My dress has been shortlisted on The Monthly Stitch in the top 14 dresses, so the voting starts now!  Follow this link to cast your vote, and see who else is in the running with more fabulous dresses!

EXTRA UPDATE

Thanks to everyone who voted for my friend’s lovely new dress, I was one of the 8 winners of the dresses category and will be donating my prize of 3 Victory Patterns to the Makers for Grenfell fundraiser, run by Portia Lawrie.

 

Birds for the Summer

So, this post should have gone live last week, but it seems I’m unable to use the scheduling tool properly….

Burda skirt 106 5/2012

It’s another make for daughter No 2 to take to Madeira.  The pattern is Burdastyle, #106 from May 2012 (unfortunately not available as a download on the website).  She’d put this pattern on her list of “wants” for this year.  Luckily she’d had a good wardrobe clear-out, helped by her sister, last summer.  So now, instead of me just making what I think she’ll like, I’m sticking to The List.

While routing through my fabric stash at the same time, she chose this grey bird print cotton for the skirt.  It was what was left over after making a gorgeous vintage dress I’d made a couple of years ago.  There is pretty much nothing left of that fabric now, so I’m chuffed that’s another piece properly used up!!

We love the high waist on this skirt, and the pockets have received the thumbs up as well!  The skirt consists of front and back panels, as well as side panels, all gored to provide a decent amount of fullness that ends below the knee.  The centre front consists of a concealed button stand, the instructions for which were a little odd – the next time I make this I’ll be doing it very differently.

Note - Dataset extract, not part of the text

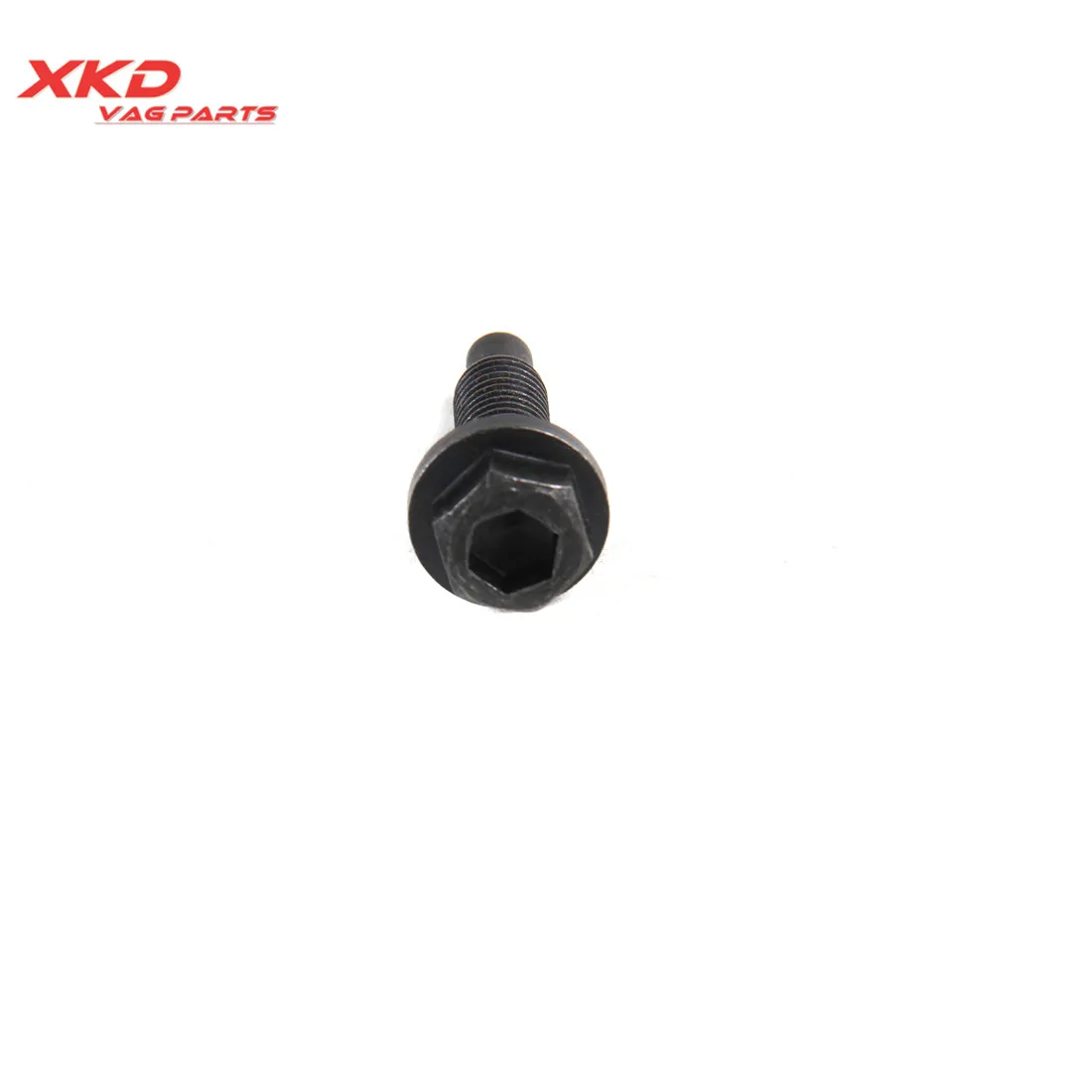 Крышка корпуса термостата и комплект винтов для Beetle Golf J-etta Au-di TT 1 8 T 06A 121 C N 909 450 02 |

The pockets are a doddle, the welts could provide for a design feature, using an alternative grain or fabric to emphasise them would look good.  Piping could also be inserted at the join.  I used black buttons from the stash for the majority of the (hidden) buttons, and two grey buttons for the visible buttons at the waist.

It’s all in the details

I took the waist in to make it similar to the culottes I’d just finished, but for some reason although that works just fine, on the skirt it’s a little on the tight side.  Of course, we only realised that after she’d taken the skirt away!  So when it comes home with her before she heads off back to Uni in September, I’ll let the waist out again.  I’d love to make another version of this pattern, that mustard in the original photograph is still lurking in the back of my brain…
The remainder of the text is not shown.